Before GMDSS, maritime communications were only possible by standard radio equipment and were reliable over relatively short distances. The three types of radio frequency Medium (MF), High (HF) and Very High (VHF) each had their limitations. VHF was useful only to around 60km and was basically line of sight, MF had a longer range up to 400km but HF – which could be refracted by the ionosphere layers in the atmosphere had a range that could under ideal conditions extend to 3,000km. A ship’s radio station would have been equipped for all of these frequencies and would have been manned by a radio officer whose sole task would have been communications.

When satellites began operating through the 1970’s, it became clear that this provided a more reliable connection than HF and led to the founding of Inmarsat by the IMO in 1979. The prime purpose of Inmarsat was safety communications, but the first ships equipped with an Inmarsat A station used it mainly for commercial traffic.
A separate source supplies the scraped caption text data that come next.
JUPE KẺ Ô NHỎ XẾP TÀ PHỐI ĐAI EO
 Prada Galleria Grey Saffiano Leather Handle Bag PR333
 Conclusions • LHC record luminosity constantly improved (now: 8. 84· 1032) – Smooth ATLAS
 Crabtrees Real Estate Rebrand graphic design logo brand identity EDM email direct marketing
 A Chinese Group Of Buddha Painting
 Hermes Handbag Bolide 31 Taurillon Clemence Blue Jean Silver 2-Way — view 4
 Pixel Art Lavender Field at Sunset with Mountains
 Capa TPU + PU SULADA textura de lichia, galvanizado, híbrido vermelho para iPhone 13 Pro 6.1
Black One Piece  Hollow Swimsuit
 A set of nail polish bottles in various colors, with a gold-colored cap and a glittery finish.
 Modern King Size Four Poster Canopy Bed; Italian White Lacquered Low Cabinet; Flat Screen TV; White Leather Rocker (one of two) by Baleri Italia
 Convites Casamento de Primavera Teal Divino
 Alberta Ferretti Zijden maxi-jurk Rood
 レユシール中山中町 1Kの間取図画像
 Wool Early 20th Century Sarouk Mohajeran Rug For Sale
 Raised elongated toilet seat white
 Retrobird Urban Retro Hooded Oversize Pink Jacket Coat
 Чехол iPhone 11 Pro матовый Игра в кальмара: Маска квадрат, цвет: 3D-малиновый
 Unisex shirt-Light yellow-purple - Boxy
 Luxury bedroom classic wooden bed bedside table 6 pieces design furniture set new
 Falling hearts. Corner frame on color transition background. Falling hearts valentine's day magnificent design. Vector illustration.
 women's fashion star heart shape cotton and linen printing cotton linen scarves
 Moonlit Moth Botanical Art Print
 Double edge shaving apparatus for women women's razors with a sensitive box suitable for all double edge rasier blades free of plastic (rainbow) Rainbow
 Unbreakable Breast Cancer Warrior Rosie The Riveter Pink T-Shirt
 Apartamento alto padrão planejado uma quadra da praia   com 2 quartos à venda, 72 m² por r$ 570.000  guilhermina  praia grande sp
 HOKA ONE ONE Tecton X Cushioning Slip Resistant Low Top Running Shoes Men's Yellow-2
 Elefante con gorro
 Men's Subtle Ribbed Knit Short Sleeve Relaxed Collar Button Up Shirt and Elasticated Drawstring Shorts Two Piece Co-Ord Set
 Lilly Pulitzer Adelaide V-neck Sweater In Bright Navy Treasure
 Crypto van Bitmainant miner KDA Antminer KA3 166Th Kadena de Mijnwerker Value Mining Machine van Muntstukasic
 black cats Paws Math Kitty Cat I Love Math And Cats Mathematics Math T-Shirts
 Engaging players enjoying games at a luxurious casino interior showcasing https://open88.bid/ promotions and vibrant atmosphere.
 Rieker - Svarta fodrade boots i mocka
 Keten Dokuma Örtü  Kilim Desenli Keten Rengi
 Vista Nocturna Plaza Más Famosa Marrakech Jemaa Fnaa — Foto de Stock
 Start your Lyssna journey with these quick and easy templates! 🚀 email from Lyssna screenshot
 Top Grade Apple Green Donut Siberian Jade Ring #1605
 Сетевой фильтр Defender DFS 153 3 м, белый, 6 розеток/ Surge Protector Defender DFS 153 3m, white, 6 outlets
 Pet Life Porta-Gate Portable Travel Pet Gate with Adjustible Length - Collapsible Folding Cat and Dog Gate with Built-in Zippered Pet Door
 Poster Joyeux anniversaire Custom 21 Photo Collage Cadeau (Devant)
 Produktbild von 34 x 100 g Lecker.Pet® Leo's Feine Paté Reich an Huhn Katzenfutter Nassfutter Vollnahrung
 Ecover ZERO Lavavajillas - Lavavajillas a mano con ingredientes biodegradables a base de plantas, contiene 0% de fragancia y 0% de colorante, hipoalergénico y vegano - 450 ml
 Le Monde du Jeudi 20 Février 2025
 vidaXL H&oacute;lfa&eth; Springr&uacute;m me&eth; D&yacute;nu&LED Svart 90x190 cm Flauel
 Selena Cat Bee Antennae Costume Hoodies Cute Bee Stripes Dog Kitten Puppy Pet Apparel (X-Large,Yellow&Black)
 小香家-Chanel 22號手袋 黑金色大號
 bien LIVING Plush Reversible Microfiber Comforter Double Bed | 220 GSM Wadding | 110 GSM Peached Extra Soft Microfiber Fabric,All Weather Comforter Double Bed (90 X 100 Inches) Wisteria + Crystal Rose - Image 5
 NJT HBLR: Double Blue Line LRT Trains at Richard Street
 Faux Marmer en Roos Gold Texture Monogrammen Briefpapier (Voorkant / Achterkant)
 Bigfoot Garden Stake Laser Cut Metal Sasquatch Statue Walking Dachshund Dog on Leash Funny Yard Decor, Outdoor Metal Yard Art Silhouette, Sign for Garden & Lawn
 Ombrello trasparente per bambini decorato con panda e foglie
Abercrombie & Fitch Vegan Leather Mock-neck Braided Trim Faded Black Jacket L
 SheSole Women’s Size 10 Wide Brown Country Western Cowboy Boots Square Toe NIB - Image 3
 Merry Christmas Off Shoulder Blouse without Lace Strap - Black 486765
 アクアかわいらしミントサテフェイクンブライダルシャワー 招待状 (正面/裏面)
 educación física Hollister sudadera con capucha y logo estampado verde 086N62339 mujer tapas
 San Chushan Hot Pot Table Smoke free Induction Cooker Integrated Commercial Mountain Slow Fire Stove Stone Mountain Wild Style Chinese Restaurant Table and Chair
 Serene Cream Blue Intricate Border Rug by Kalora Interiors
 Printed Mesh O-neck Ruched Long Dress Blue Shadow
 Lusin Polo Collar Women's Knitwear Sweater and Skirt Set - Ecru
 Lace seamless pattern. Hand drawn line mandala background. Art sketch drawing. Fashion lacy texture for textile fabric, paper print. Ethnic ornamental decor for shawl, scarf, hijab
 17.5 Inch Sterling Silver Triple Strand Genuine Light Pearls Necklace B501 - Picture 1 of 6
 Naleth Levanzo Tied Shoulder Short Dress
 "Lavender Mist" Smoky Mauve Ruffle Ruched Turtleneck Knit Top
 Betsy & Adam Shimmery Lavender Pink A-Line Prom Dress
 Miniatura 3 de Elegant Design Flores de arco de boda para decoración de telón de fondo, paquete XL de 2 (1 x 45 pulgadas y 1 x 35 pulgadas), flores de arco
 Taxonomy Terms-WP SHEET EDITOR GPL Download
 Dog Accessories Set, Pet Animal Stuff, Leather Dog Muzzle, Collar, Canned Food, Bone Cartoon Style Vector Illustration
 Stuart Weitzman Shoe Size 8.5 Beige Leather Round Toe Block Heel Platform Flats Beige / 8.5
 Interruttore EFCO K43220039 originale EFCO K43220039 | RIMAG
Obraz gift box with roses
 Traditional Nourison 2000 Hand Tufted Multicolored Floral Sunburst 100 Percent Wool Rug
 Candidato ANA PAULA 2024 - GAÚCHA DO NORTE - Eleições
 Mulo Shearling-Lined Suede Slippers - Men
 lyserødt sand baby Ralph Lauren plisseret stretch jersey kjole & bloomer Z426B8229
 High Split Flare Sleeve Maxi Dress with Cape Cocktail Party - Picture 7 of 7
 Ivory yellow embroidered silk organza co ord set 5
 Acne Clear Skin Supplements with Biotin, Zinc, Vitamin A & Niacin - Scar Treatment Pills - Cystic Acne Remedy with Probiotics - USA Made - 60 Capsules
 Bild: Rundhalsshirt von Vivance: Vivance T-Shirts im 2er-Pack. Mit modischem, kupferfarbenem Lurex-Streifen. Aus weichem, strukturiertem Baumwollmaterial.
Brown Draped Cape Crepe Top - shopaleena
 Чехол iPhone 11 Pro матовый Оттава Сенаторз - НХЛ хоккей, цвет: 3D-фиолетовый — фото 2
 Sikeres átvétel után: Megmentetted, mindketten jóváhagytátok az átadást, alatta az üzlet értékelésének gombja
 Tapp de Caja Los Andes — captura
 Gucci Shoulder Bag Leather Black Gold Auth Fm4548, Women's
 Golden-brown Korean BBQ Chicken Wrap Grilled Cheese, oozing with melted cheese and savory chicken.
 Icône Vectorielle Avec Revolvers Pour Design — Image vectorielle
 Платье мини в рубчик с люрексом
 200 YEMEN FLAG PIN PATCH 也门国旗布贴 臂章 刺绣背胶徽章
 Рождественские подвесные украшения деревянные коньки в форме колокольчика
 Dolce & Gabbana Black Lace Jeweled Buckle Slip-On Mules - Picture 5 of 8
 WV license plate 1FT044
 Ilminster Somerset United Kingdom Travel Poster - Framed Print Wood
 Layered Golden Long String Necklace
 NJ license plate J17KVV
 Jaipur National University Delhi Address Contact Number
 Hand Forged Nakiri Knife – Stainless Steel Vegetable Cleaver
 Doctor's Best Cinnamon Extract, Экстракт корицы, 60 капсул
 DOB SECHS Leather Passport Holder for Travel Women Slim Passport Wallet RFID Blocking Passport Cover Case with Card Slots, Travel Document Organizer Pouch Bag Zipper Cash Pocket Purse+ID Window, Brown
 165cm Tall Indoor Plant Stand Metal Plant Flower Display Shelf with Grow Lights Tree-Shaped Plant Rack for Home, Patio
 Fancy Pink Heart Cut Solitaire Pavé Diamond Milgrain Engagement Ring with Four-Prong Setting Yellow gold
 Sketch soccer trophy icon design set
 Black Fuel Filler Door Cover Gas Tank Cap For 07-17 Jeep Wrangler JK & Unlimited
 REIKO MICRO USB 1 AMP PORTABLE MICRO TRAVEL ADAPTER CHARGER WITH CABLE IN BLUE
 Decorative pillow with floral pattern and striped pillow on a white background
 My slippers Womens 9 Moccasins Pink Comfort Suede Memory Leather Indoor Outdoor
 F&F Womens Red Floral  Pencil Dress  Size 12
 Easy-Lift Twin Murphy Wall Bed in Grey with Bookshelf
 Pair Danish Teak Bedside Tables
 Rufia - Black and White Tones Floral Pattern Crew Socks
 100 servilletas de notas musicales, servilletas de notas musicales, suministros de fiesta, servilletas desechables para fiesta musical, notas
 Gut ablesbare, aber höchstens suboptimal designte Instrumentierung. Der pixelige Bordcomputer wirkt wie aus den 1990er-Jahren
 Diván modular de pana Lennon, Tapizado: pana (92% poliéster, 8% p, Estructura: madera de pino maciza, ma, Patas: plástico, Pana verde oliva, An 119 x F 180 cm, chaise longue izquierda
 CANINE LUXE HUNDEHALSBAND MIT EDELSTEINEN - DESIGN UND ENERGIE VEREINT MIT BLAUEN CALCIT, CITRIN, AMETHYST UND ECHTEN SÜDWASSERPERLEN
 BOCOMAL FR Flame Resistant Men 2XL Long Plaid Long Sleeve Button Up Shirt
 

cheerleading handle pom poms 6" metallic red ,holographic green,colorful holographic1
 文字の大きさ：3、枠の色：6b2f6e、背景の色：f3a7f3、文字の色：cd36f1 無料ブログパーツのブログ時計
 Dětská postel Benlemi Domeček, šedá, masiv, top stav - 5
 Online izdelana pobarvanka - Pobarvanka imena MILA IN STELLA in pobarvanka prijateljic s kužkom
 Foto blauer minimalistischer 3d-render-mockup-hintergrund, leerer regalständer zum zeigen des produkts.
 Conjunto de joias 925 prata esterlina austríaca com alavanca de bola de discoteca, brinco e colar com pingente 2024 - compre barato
When GMDSS arrived all ships, except those operating solely within a short distance from land, were obliged to replace existing equipment with a mandatory range of equipment able to cover a wide range of communication options. One of the requirements for ships without an Inmarsat A station was to install an Inmarsat C station.  

By dragging most ships into the satellite era, GMDSS did enable most of the subsequent developments in commercial rather than safety communications. It also gave Inmarsat, which has since become a private company, a virtual monopoly at least in the sectors of the shipping industry where compliance alone is the deciding factor in equipment selection.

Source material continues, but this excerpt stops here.